[What you should do] All lines after the one containing "펄사 유선 PCMK 2", together with that line itself, should be written out exactly, down to the last line of the entries below.

Crawled caption data:
********************

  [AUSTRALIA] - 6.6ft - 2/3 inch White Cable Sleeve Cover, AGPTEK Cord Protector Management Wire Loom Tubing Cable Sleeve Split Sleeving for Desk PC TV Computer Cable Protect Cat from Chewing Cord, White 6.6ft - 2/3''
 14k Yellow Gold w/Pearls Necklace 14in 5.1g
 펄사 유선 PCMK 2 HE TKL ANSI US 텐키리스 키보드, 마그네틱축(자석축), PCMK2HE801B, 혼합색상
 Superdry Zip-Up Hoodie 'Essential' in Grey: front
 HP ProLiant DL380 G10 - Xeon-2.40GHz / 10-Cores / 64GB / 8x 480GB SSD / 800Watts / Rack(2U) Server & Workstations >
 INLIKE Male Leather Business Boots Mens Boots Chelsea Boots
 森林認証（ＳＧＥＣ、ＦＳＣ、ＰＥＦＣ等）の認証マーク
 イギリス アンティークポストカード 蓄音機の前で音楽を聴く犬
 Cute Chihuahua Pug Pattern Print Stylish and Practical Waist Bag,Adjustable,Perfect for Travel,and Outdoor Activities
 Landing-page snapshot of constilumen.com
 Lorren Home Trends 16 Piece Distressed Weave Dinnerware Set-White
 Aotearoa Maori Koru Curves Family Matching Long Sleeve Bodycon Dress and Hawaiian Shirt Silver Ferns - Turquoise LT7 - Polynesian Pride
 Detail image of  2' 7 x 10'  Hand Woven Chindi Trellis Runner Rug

********************

[Exercise response]
 펄사 유선 PCMK 2 HE TKL ANSI US 텐키리스 키보드, 마그네틱축(자석축), PCMK2HE801B, 혼합색상
 Superdry Zip-Up Hoodie 'Essential' in Grey: front
 HP ProLiant DL380 G10 - Xeon-2.40GHz / 10-Cores / 64GB / 8x 480GB SSD / 800Watts / Rack(2U) Server & Workstations >
 INLIKE Male Leather Business Boots Mens Boots Chelsea Boots
 森林認証（ＳＧＥＣ、ＦＳＣ、ＰＥＦＣ等）の認証マーク
 イギリス アンティークポストカード 蓄音機の前で音楽を聴く犬
 Cute Chihuahua Pug Pattern Print Stylish and Practical Waist Bag,Adjustable,Perfect for Travel,and Outdoor Activities
 Landing-page snapshot of constilumen.com
 Lorren Home Trends 16 Piece Distressed Weave Dinnerware Set-White
 Aotearoa Maori Koru Curves Family Matching Long Sleeve Bodycon Dress and Hawaiian Shirt Silver Ferns - Turquoise LT7 - Polynesian Pride
 Detail image of  2' 7 x 10'  Hand Woven Chindi Trellis Runner Rug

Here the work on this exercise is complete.